**Records supplied**
----------

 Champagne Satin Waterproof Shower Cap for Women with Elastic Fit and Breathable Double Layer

----------

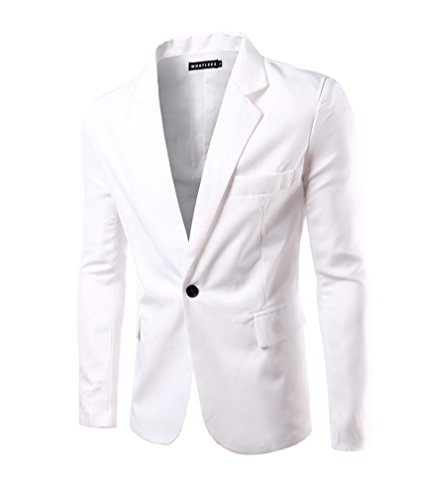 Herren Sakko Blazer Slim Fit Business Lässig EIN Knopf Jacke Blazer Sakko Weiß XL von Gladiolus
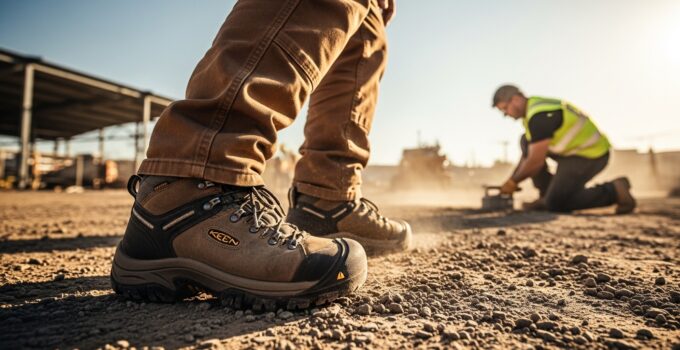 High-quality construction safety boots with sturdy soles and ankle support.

----------

**Goal of the exercise**
Copy the lines above exactly, starting with the line that contains "Herren Sakko Blazer" and ending with the line that contains "High-quality construction safety", and leave out any pictures.

**Response to this exercise**
 Herren Sakko Blazer Slim Fit Business Lässig EIN Knopf Jacke Blazer Sakko Weiß XL von Gladiolus
 High-quality construction safety boots with sturdy soles and ankle support.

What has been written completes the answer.